Jefferson termed his embargo (December 1807) a policy of "peaceable coercion."  The idea was that by depriving the warring powers of American foodstuffs and the vital American mercantile carrying trade he could persuade them to respect American neutral shipping.  He believed his policy would protect American shipping, expand commerce, increase mercantile and agricultural profits, all without having to build up a navy or waging a ruinous war.  Sumner noted the immediate result.  Under the embargo of 1807, "the shipowners were protected against foreign aggressors by being shut up at home.  They had before incurred heavy risks, now their own government imposed certain ruin."  The northern merchants and ship-owners howled in protest and immediately turned to smuggling to try to save themselves from commercial ruin.  Jefferson responded by enacting increasingly stringent and tyrannical enforcement acts, deploying the federal navy and revenue cutters along the coast, and sealing the border with Canada with federal regiments, marshals, and militia.  Nevertheless, smuggling continued.  By early 1809, the New England states were on the brink of secession, and neither France nor England had changed their policy of seizing neutral commerce.  Jefferson admitted failure and agreed to repeal the embargo.  However, he substituted a nonintercourse act, forbidding trade with either power until they should cease their raids on American commerce.  Madison continued this fruitless policy for three more years before he went to war with England over "free trade and sailor's rights."  Madison's war failed to achieve any of its objectives (including the most important of all which was the conquest of Canada), but it did have the paradoxical effect of decimating American commerce and fostering the development of the very kind of large-scale factory manufacturing that both Jefferson and Madison deplored and the development of which they hoped could be deferred as long as possible.

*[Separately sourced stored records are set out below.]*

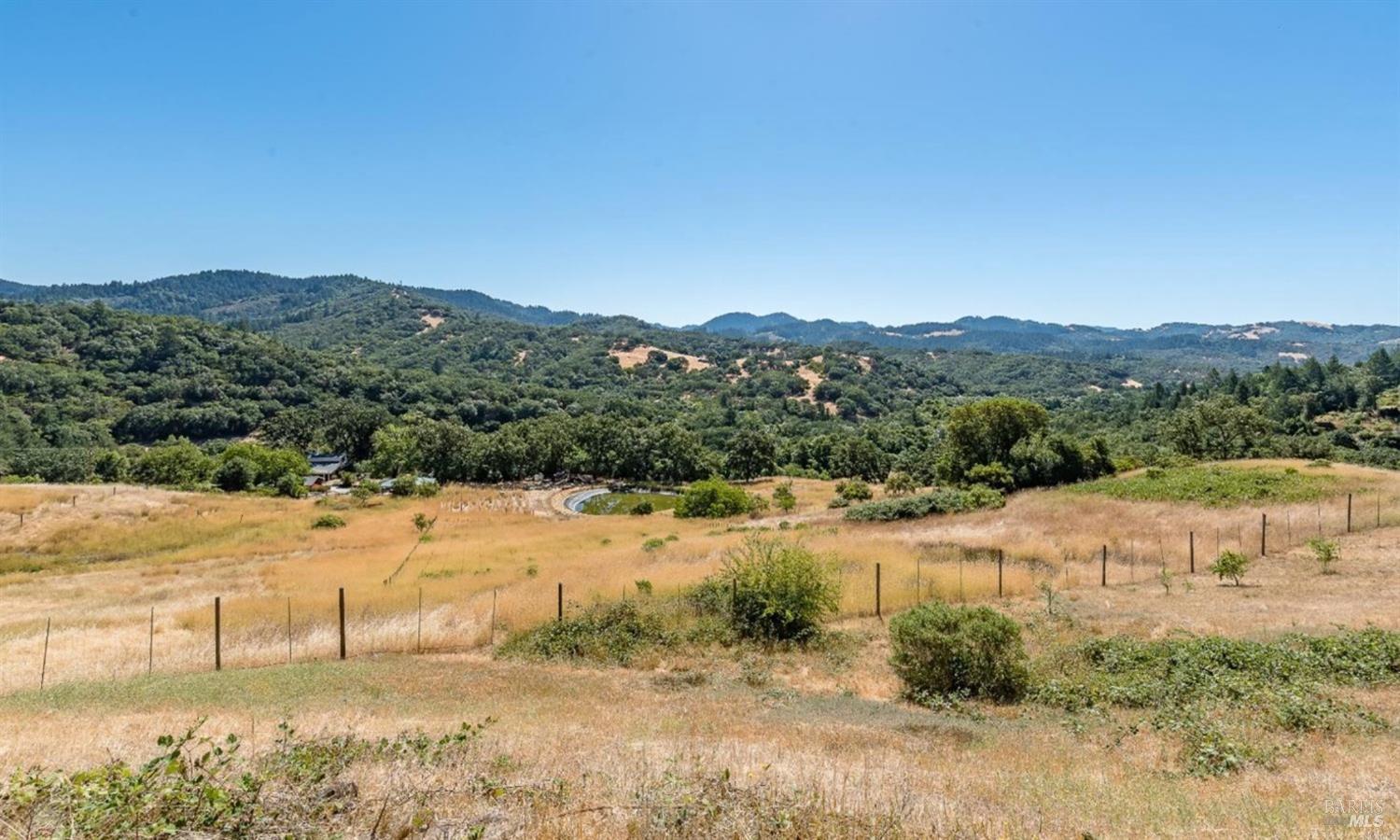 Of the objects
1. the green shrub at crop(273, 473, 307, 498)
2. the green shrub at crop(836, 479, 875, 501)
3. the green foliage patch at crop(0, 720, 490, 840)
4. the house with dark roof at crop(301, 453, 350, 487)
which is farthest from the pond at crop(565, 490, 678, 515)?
the green foliage patch at crop(0, 720, 490, 840)

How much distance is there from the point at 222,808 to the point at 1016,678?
13947 mm

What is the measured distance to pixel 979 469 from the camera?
5806 centimetres

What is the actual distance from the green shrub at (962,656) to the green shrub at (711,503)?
47.0 m

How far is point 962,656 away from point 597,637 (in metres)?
9.69

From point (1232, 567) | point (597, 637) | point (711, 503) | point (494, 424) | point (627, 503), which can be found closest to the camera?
point (597, 637)

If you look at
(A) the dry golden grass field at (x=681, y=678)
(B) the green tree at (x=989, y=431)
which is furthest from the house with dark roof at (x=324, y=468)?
(B) the green tree at (x=989, y=431)

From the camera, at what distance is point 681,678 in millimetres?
15719

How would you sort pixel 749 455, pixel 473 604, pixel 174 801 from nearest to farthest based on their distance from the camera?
pixel 174 801 < pixel 473 604 < pixel 749 455

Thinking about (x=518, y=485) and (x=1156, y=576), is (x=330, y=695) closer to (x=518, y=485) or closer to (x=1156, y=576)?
(x=1156, y=576)

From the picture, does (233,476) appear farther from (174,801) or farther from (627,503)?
(174,801)

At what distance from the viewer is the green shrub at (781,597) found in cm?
1891

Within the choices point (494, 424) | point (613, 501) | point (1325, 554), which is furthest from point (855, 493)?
point (494, 424)

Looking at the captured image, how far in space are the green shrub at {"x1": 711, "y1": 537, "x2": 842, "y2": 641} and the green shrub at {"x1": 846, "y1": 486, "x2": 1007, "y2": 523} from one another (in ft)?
77.0

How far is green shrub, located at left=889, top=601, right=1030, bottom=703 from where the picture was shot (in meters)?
13.8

The most calamitous and self-defeating experiment in commercial warfare was that put in place by the Southern Confederacy in 1861.  Oblivious to the lessons of the Revolutionary War, Jefferson's Embargo, and the War of 1812, the Davis administration imposed an embargo on cotton exports on the theory that the English and French economies were so dependent on this staple that they would intervene in the war on behalf of the South.  We know what happened.  Although the British economy suffered early on, they soon found they could grow or expand cotton production in other areas of the empire, such as Egypt and India.  If the Confederate states had pursued a policy of free trade they might have won their independence.  They should have thrown open their ports to European shipping and merchandise free of all duties, and banned all paper currency.  With gold or bills of exchange obtained from their cotton, tobacco, and rice exports, they could have purchased all the cannon, rifles, ammunition, shells, uniforms, boots, blankets, and foodstuffs to arm, clothe, and feed their troops.  The French and British would then have had a compelling interest in breaking the northern blockade (which they rightfully regarded as illegal anyway) to continue what would have been an enormously profitable trade for them.  Davis' decisions to finance the war with paper money and coerce Europe with an embargo were the policies of an economic and historical ignoramus and they doomed the Confederacy.  With no means for paying for European arms and ammunition, they gave those powers no incentive to intervene.

What are the lessons of this history?  Commercial freedom is the best policy in peace and war.  Cooperation is more fruitful than coercion.  And if one wants the friendship or assistance of others it is better to appeal to their interests instead of their fears.  Above all, foreign trade should be as free and unrestricted as trade within a nation.